> _Directions for this task_
Leave every picture out, and write out the remaining entries exactly.

Top of Provided information

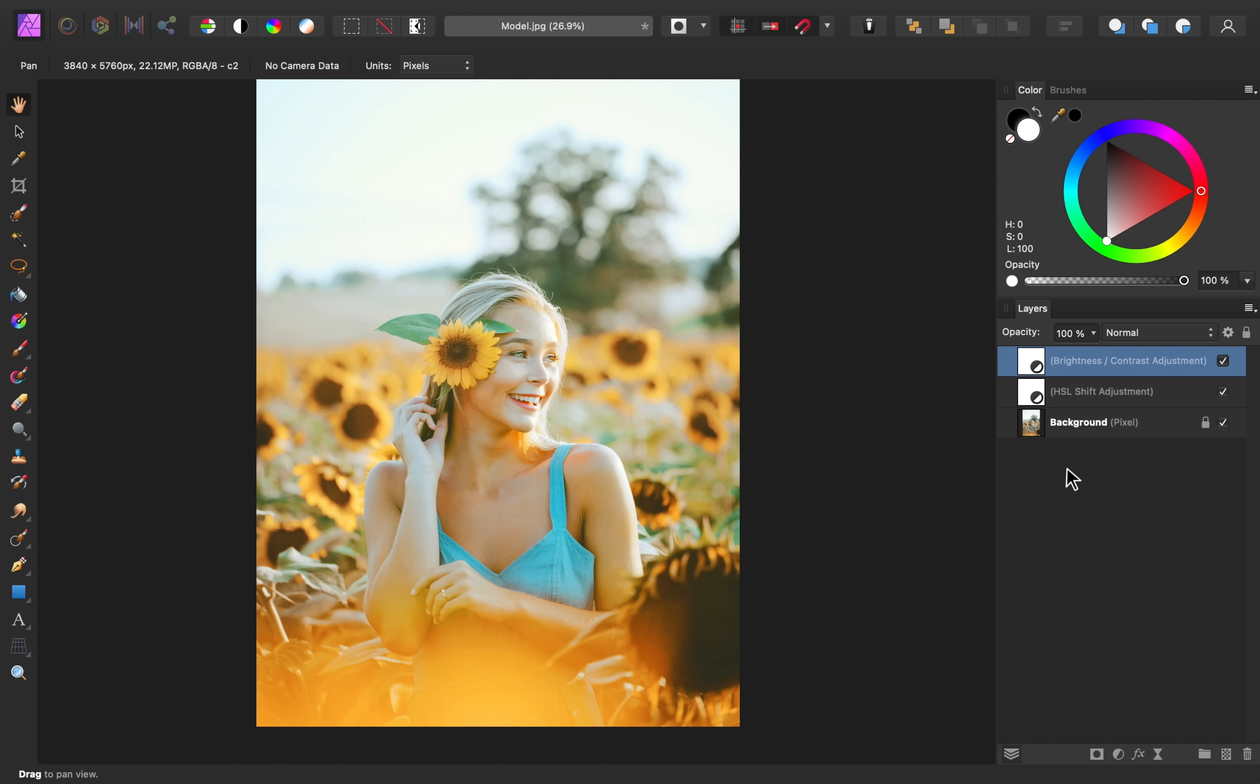Now, one thing you really need to watch is how intense all of your colors and brightening are beginning to look. Something that beginners to photo editing really like to do is overdo it, because it's fun to see all the changes you can make. But in this case, I think I've really overdone some of these adjustments.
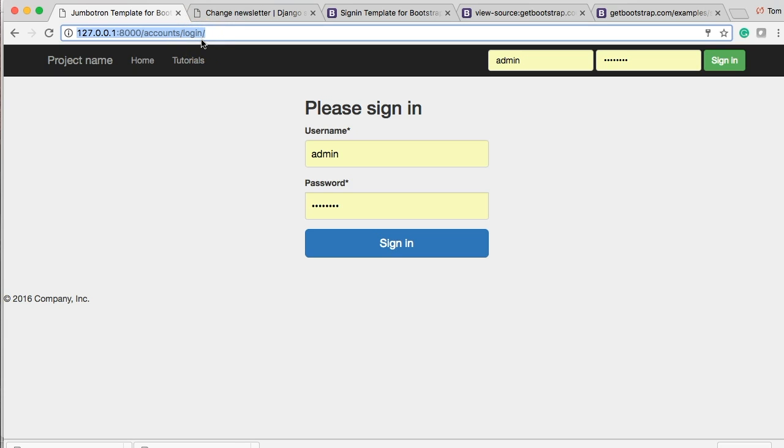In the next tutorial, we'll go ahead and keep building on this. There's other things we need to do, like user registration, password resets, stuff like that. So we'll keep building on this. I'll see you in the next tutorial.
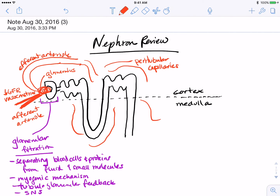The opposite is also true. Vasodilation, or opening up of the afferent arteriole, will increase GFR, or the glomerular filtration rate. This is also driven by the net filtration pressure between the glomerulus and Bowman's capsule.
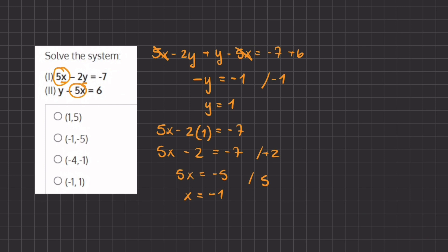So our final value for x and y is going to be negative 1 for x and positive 1 for y. That will be our final answer, and that is answer D. Now we'll show you how we solve using the substitution method.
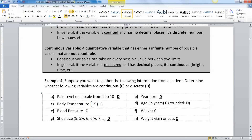Shoe size in the US has half sizes like 5, 5.5, 6, 6.5 — that's discrete, because you're either a five or a five and a half. European sizing uses whole numbers like 40, 41, 42 for the same reason. But if you measure the actual length of your foot, that's continuous. And weight loss or gain is continuous as well — anything you measure is continuous.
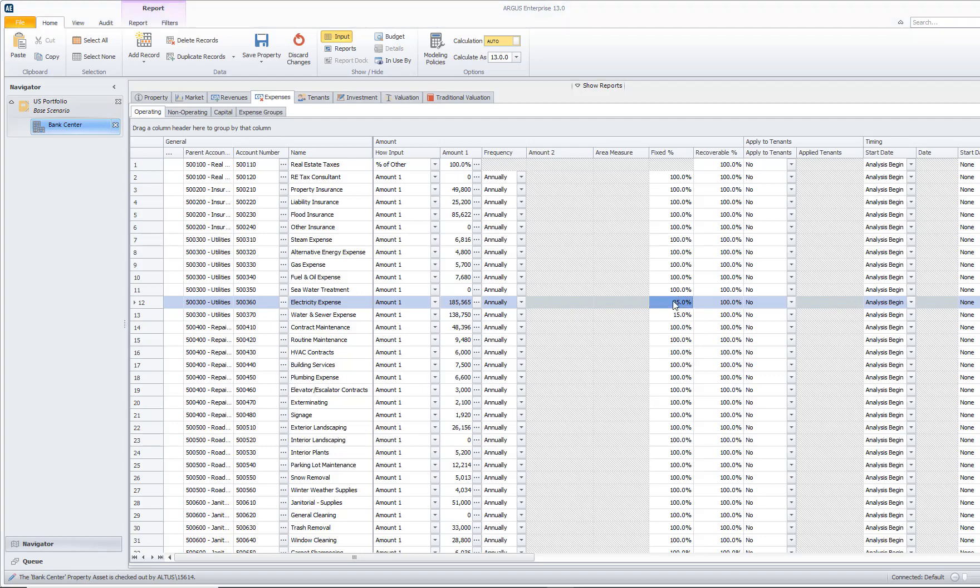Let's actually take a look at this in action in Argus Enterprise. If I have this expense set to 100% fixed and I go and I look at my property cash flow...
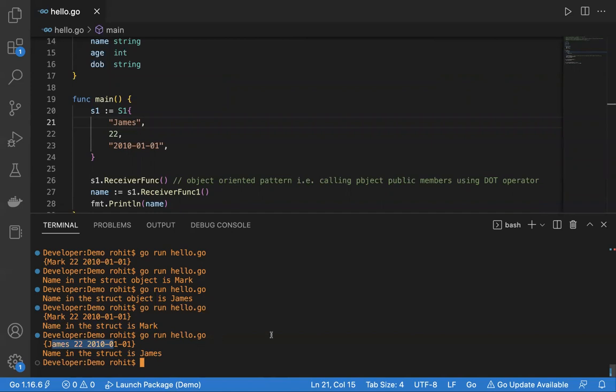So this is all about receiver functions in Golang. There are more sessions to come. Please like, subscribe, and comment if you like my videos. Thank you very much.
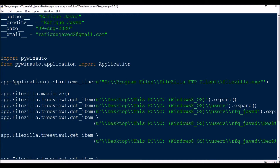Hello guys, welcome to my channel Python Edic Care. Today I have brought another session on desktop GUI automation using pywinauto. Today I will be mostly focusing on how to access tree view items, as a couple of viewers have asked me about the accessibility of tree view items. I will be giving a small demo on the FileZilla application.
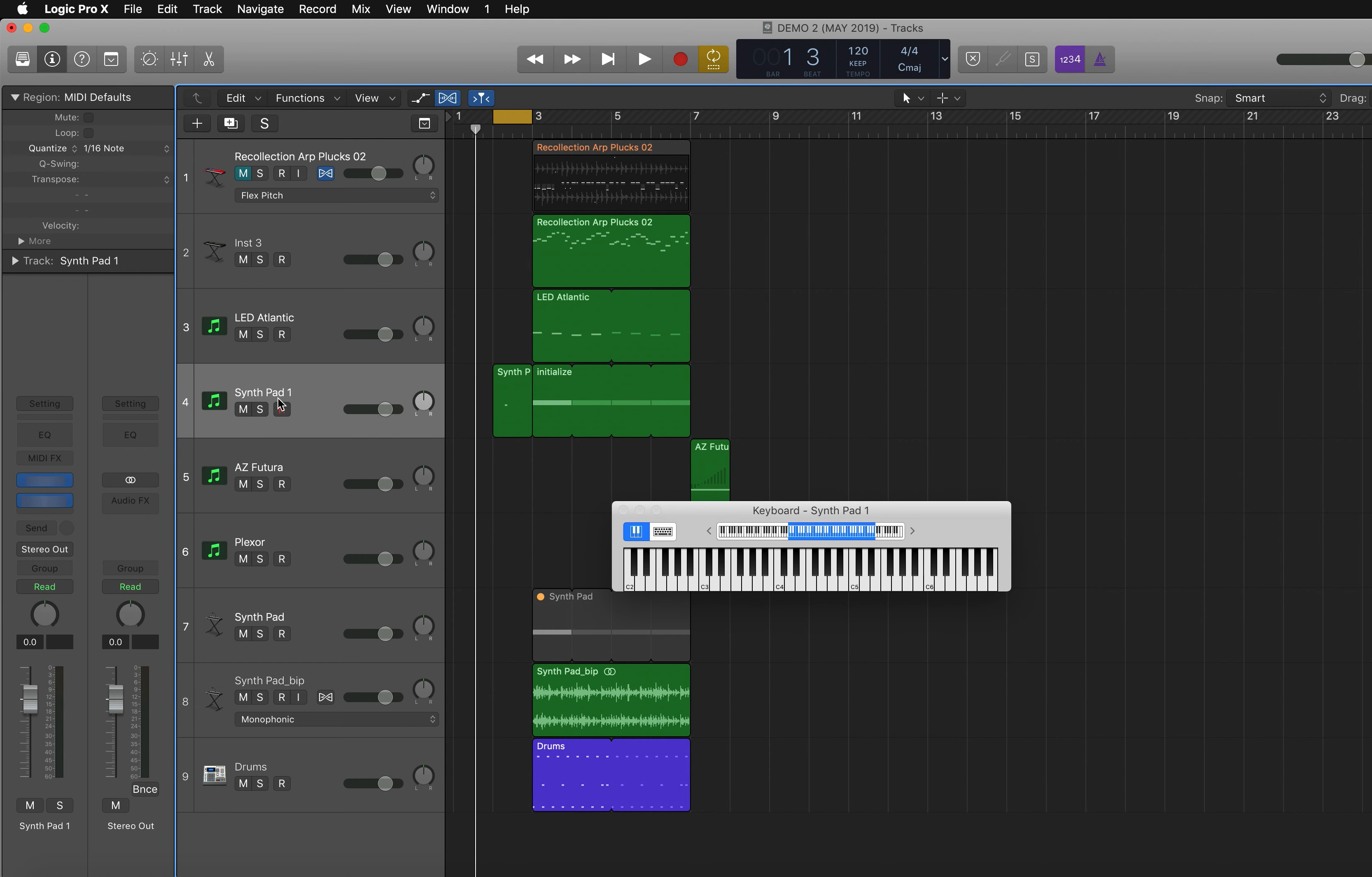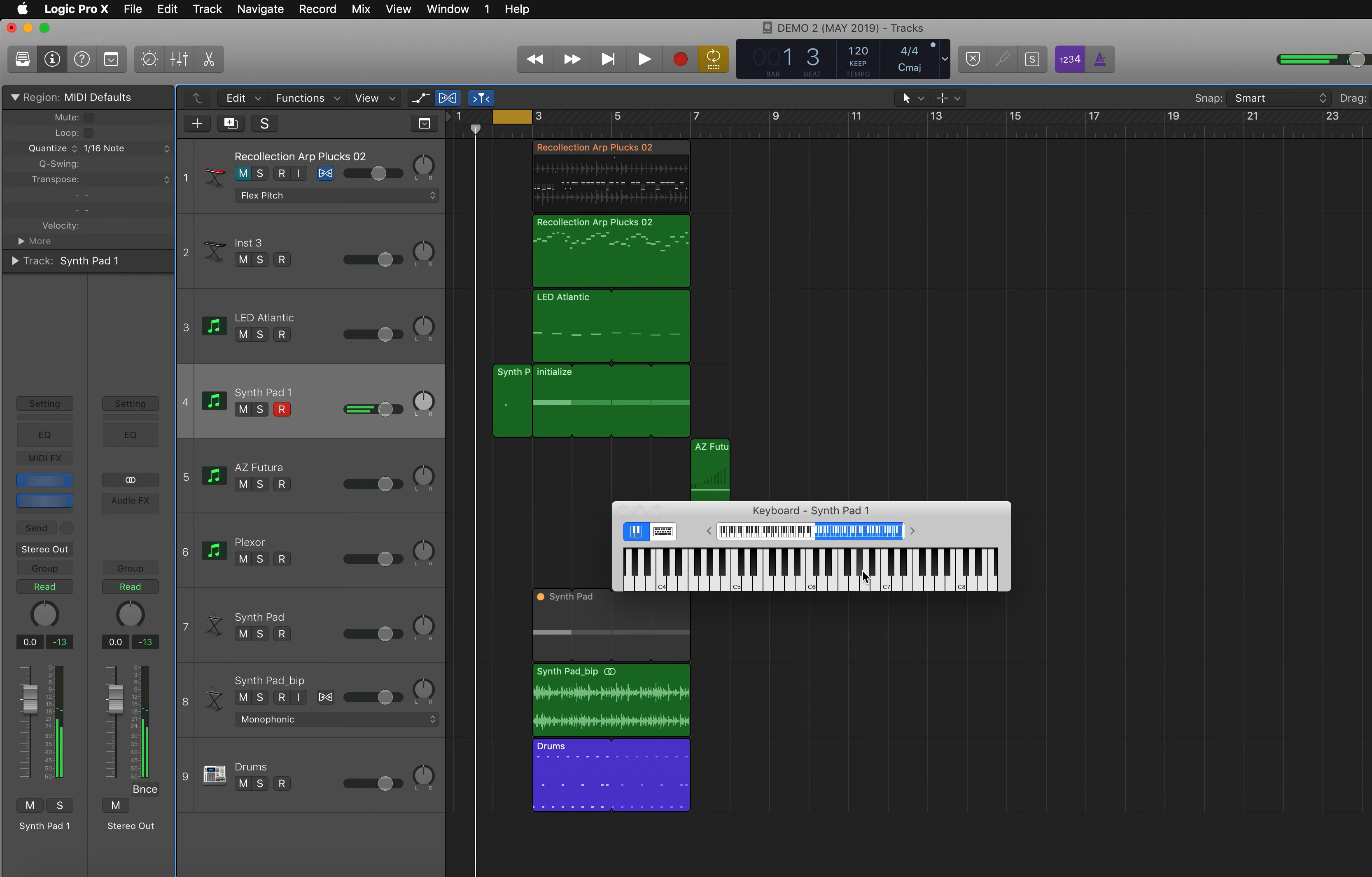And now I'm on this synth pad here. So if I play some notes, I can move up and down the octaves.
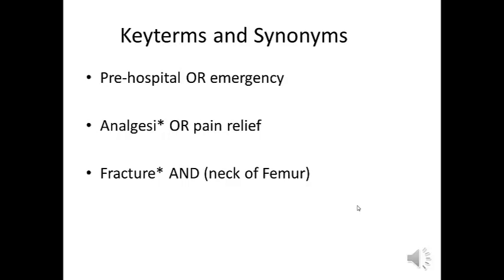The little asterisks there are to pick up all the possible suffixes for these words. For analgesia it may be analgesics, for fracture we'll pick up fractures and fractured.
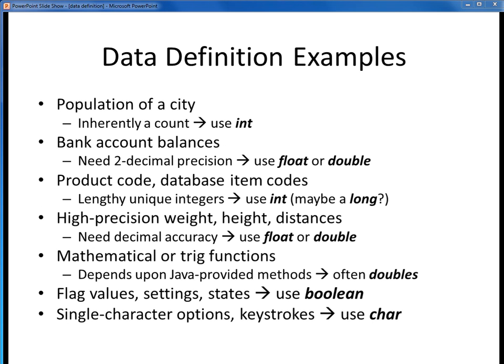Here are some examples of this data definition process. I encourage you to look through these examples and try to come up with some reasonable variable names. You'll get some practice on this when you complete one of the homework exercises in this week's module on Canvas. If you need help completing that assignment, look back over the steps outlined in the last few slides for guidance. That wraps up our discussion of data in Java. You can continue on with the next set of video lectures which will discuss operations in Java.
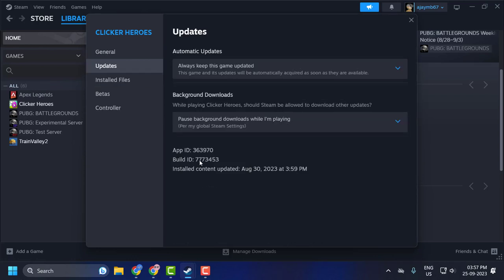Here you can see the Build ID. The App ID does not change—that's the ID for the application itself. But the Build ID will change incrementally as new updates are released. That's how you know the Steam game build version.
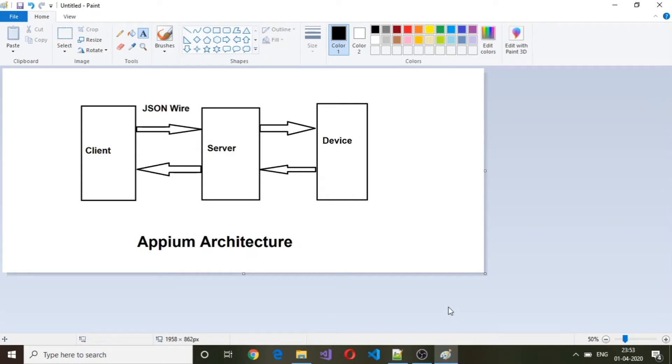Hello and welcome back. In this session we will take a look at APM architecture. APM basically is a client-server architecture.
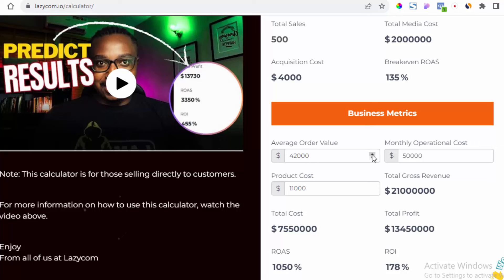I share all of these things inside the 10X E-commerce Masterclass. If you want to check it out, look in the description below and you'll find all the information you need to get started. I hope you actually learned something from this video — I'll see you next time. Take care.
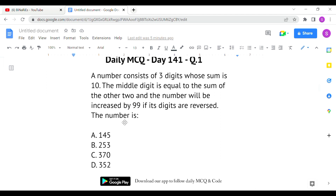Checking the second criteria — middle digit equals sum of the other two. For the first option, 1+5=6, but the middle digit is not 6, so it's eliminated. The third option is also not satisfying. Only options B and D satisfy the second criteria where the middle digit equals the sum of the other two digits.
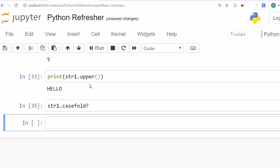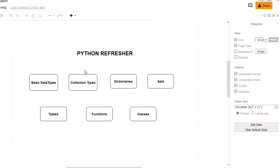On this note, we are stopping here. This was our refresher for basic data types. In the next session, we will look into a refresher for collection types, also called container types. See you in the next session — until then, bye bye, take care.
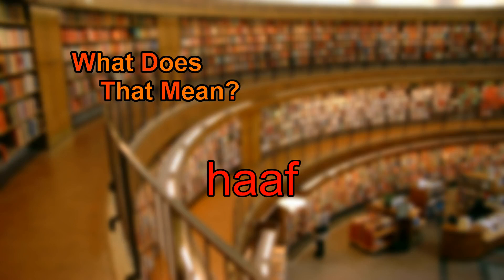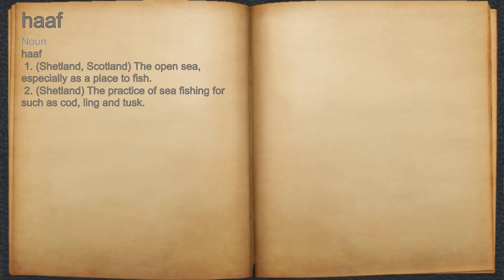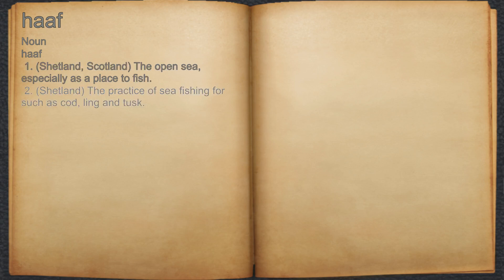What does half mean? Half. Noun. 1. Shetland, Scotland: the open sea, especially as a place to fish. 2. Shetland: the practice of sea fishing for such as cod, ling, and tusk.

Bottom of Provided information

> _Task output_
Now, one thing you really need to watch is how intense all of your colors and brightening are beginning to look. Something that beginners to photo editing really like to do is overdo it, because it's fun to see all the changes you can make. But in this case, I think I've really overdone some of these adjustments.
In the next tutorial, we'll go ahead and keep building on this. There's other things we need to do, like user registration, password resets, stuff like that. So we'll keep building on this. I'll see you in the next tutorial.
The opposite is also true. Vasodilation, or opening up of the afferent arteriole, will increase GFR, or the glomerular filtration rate. This is also driven by the net filtration pressure between the glomerulus and Bowman's capsule.
So our final value for x and y is going to be negative 1 for x and positive 1 for y. That will be our final answer, and that is answer D. Now we'll show you how we solve using the substitution method.
Shoe size in the US has half sizes like 5, 5.5, 6, 6.5 — that's discrete, because you're either a five or a five and a half. European sizing uses whole numbers like 40, 41, 42 for the same reason. But if you measure the actual length of your foot, that's continuous. And weight loss or gain is continuous as well — anything you measure is continuous.
Let's actually take a look at this in action in Argus Enterprise. If I have this expense set to 100% fixed and I go and I look at my property cash flow...
So this is all about receiver functions in Golang. There are more sessions to come. Please like, subscribe, and comment if you like my videos. Thank you very much.
Hello guys, welcome to my channel Python Edic Care. Today I have brought another session on desktop GUI automation using pywinauto. Today I will be mostly focusing on how to access tree view items, as a couple of viewers have asked me about the accessibility of tree view items. I will be giving a small demo on the FileZilla application.
And now I'm on this synth pad here. So if I play some notes, I can move up and down the octaves.
The little asterisks there are to pick up all the possible suffixes for these words. For analgesia it may be analgesics, for fracture we'll pick up fractures and fractured.
Here are some examples of this data definition process. I encourage you to look through these examples and try to come up with some reasonable variable names. You'll get some practice on this when you complete one of the homework exercises in this week's module on Canvas. If you need help completing that assignment, look back over the steps outlined in the last few slides for guidance. That wraps up our discussion of data in Java. You can continue on with the next set of video lectures which will discuss operations in Java.
Here you can see the Build ID. The App ID does not change—that's the ID for the application itself. But the Build ID will change incrementally as new updates are released. That's how you know the Steam game build version.
Hello and welcome back. In this session we will take a look at APM architecture. APM basically is a client-server architecture.
I share all of these things inside the 10X E-commerce Masterclass. If you want to check it out, look in the description below and you'll find all the information you need to get started. I hope you actually learned something from this video — I'll see you next time. Take care.
Checking the second criteria — middle digit equals sum of the other two. For the first option, 1+5=6, but the middle digit is not 6, so it's eliminated. The third option is also not satisfying. Only options B and D satisfy the second criteria where the middle digit equals the sum of the other two digits.
On this note, we are stopping here. This was our refresher for basic data types. In the next session, we will look into a refresher for collection types, also called container types. See you in the next session — until then, bye bye, take care.
What does half mean? Half. Noun. 1. Shetland, Scotland: the open sea, especially as a place to fish. 2. Shetland: the practice of sea fishing for such as cod, ling, and tusk.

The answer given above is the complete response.